OGH 3Ob37/15k
- Dokumenttyp: Entscheidungstext
- Entscheidungsdatum: 18.03.2015
- ECLI: ECLI:AT:OGH0002:2015:0030OB00037.15K.0318.000
Kopf
Der Oberste Gerichtshof hat als Revisionsgericht durch den Senatspräsidenten Dr.
Hoch als Vorsitzenden sowie die Vizepräsidentin Dr. Lovrek, die Hofräte Dr. Jensik und Dr. Roch und die Hofrätin Dr. A. Kodek als weitere Richter in der Rechtssache der klagenden Partei W*****, vertreten durch Mag.

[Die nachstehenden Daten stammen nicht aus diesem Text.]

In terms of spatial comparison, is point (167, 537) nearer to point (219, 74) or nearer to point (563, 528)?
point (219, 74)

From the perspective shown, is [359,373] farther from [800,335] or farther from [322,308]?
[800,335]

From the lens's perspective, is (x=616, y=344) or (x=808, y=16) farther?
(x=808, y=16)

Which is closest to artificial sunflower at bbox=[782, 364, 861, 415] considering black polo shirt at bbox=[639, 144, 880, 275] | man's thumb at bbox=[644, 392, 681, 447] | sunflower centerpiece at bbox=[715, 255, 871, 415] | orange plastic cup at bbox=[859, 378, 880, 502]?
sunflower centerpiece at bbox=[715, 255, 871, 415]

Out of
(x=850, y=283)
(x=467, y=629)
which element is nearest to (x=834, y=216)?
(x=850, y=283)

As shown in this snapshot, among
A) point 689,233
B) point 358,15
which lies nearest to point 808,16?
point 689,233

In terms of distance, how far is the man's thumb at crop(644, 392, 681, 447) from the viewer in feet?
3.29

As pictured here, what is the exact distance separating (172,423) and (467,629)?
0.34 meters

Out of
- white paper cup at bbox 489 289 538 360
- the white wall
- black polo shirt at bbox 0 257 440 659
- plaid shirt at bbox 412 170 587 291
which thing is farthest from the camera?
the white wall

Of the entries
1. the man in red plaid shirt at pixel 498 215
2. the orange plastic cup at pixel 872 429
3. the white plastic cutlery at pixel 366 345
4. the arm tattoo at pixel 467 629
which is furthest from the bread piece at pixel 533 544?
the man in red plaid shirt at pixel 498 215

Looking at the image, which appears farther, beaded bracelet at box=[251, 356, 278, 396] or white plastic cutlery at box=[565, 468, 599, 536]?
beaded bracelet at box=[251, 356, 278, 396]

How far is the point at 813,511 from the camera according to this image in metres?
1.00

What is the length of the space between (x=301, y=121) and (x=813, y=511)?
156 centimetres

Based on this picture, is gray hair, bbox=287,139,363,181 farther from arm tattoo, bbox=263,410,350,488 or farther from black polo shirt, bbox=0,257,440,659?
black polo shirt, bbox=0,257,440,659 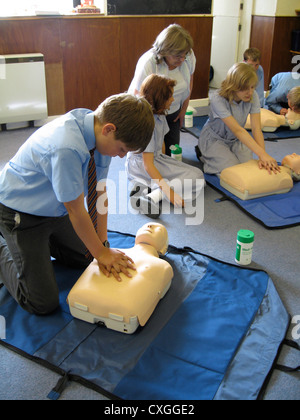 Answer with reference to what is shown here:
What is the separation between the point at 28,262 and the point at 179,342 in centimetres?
63

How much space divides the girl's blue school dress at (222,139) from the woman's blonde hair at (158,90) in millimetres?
599

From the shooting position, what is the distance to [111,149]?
1.49m

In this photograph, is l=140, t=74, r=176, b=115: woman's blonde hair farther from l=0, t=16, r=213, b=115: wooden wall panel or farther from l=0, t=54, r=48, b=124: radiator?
l=0, t=16, r=213, b=115: wooden wall panel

Franz Doppelhofer, Rechtsanwalt in Seiersberg, wider die beklagte Partei S***** AG, *****, vertreten durch ScherbaumSeebacher Rechtsanwälte GmbH in Graz, wegen Einwendungen nach § 36 EO, über die außerordentliche Revision der klagenden Partei gegen das Urteil des Landesgerichts für Zivilrechtssachen Graz als Berufungsgericht vom 7. November 2014, GZ 4 R 140/14h22, den
Beschluss
gefasst:
Spruch
Die außerordentliche Revision wird gemäß § 508a Abs 2 ZPO mangels der Voraussetzungen des § 502 Abs 1 ZPO zurückgewiesen.
Begründung:
Begründung
Die außerordentliche Revision des Klägers ist nicht zulässig, weil selbst, wenn man entgegen der Beurteilung des Berufungsgerichts von einem zwischen den Streitteilen vereinbarten Exekutionsverzicht ausgeht, das vom Kläger gewünschte Auslegungsergebnis eines unbefristeten Exekutionsverzichts (auch auf Basis des von ihm zugrunde gelegten Sachverhalts) ausgeschlossen ist. Unbekämpft steht nämlich fest, dass alle Teilnehmer der dem Schreiben der Beklagten vom 1. April 2010 vorausgehenden Besprechung vom 9. März 2010, darunter der Kläger und ein Vertreter der Beklagten, zur beabsichtigten Umwidmung in Bauland davon ausgingen, diese werde rasch, jedenfalls aber innerhalb des Zeitraums von einem Jahr bis eineinhalb Jahren erfolgen, wenngleich ihnen bewusst war, dass kein Rechtsanspruch darauf bestehe. Von beiden Vertragsparteien wurde also nicht nur die Umwidmung in Bauland unterstellt sondern auch, dass diese längstens innerhalb von etwa eineinhalb Jahren abgeschlossen sein werde. Auch wenn im folgenden Schreiben der Klägerin vom 1. April 2010 eine Frist für die Umwidmung nicht genannt wurde (sondern nur eine Frist für die Leistung der Abschlagszahlung von 970.000 EUR von 12 Wochen ab Rechtskraft der Umwidmung), musste der Kläger in objektiver Beurteilung der Sachlage gemäß § 914 ABGB als redliche Vertragspartei die schriftliche Erklärung der Beklagten ohne jeden Zweifel so verstehen (vgl RISJustiz RS0113932 ua), dass diese mit (längstens) 18 Monaten plus 12 Wochen ab Gewährung des Exekutionsverzichts befristet war. Denn einen Willen der Beklagten, mit einem unbefristeten Exekutionsverzicht einverstanden zu sein, dessen Ablauf ungeachtet der Erwartung aller Beteiligten davon abhängt, dass es irgendwann zur Umwidmung kommt (der also auch dann weiter gilt, wenn diese nie erreicht werden könnte), durfte der Kläger schon angesichts der Höhe seiner aushaftenden Schuld, deren Hereinbringung nur durch die Verwertung seiner Liegenschaften gesichert war, nicht ernsthaft unterstellen. Der Anwendung des § 915 ABGB bedarf es daher gar nicht.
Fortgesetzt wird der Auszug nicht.